In una intervista, di qualche giorno fa, Eugenio Sidoli, presidente di Philip Morris Italia, risponde alle domande sul ridotto grado di tossicità delle sigarette elettroniche e di iQOS.

Eugenio Sidoli, presidente di Philip Morris Italia, risponde alle domande sulla minore tossicità delle sigarette elettroniche e dei riscaldatori di tabacco (in particolare su iQOS) a fronte dello studio della European Lung Foundation che ha affermato che i riscaldatori di tabacco sono tossici per i polmoni.

Nella video intervista effettuata da Fanpage.it anche se si rivolge espressamente ai riscaldatori di tabacco ricollega anche le sigarette elettroniche come strumento a rischio ridotto e conferma la differenza tra i due dispositivi affermando che secondo gli ultimi studi, degli ultimi 3 o 4 anni, gli strumenti a rischio ridotto sono diventati cardine fondamentale della cessazione.

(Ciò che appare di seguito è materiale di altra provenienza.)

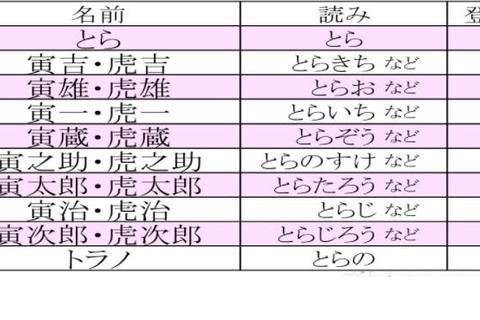 寅年にまつわる名前ランキングベスト10、明治編の1位は？ 画像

"la ridotta tossicità del prodotto è presente sia nei riscaldatori di tabacco che nelle sigarette elettroniche" - commenta Sidoli -"Gli studi a favore delle sigarette elettroniche e dei riscaldatori hanno portato il Regno Unito, ed il Ministero della salute Inglese, sta attuando campagne di prevenzione affinché chi fuma smetta e passi alle sigarette elettroniche".

Il primo obiettivo - secondo Sidoli - che PMI si prefigge di raggiungere è quello di ridurre il danno causato dalle sigarette ed in quanto si conosce la difficoltà nel cessare di fumare le sigarette convenzionali.

"Noi non realizziamo un prodotto che serve per curare una malattia ma un prodotto che è destinato a ridurre il danno" - commenta il presidente di PMI

L'obiettivo è togliere dall'esperienza di fumare tabacco quella tossicità che porta a più di un milione di morti all'anno per colpa della combustione che nelle sigarette elettroniche o nei riscaldatori di tabacco, essendo assente, porta i dispositivi ad avere quella stessa tossicità ridotta del 90-95% in quanto scompaiono buona parte dei composti "tossici".

"I composti tossici, che rimangono, presenti anche i iQOS e nelle sigarette elettroniche sono in quantità così piccole che non pensiamo che sia particolarmente significativi" - conclude Sidoli.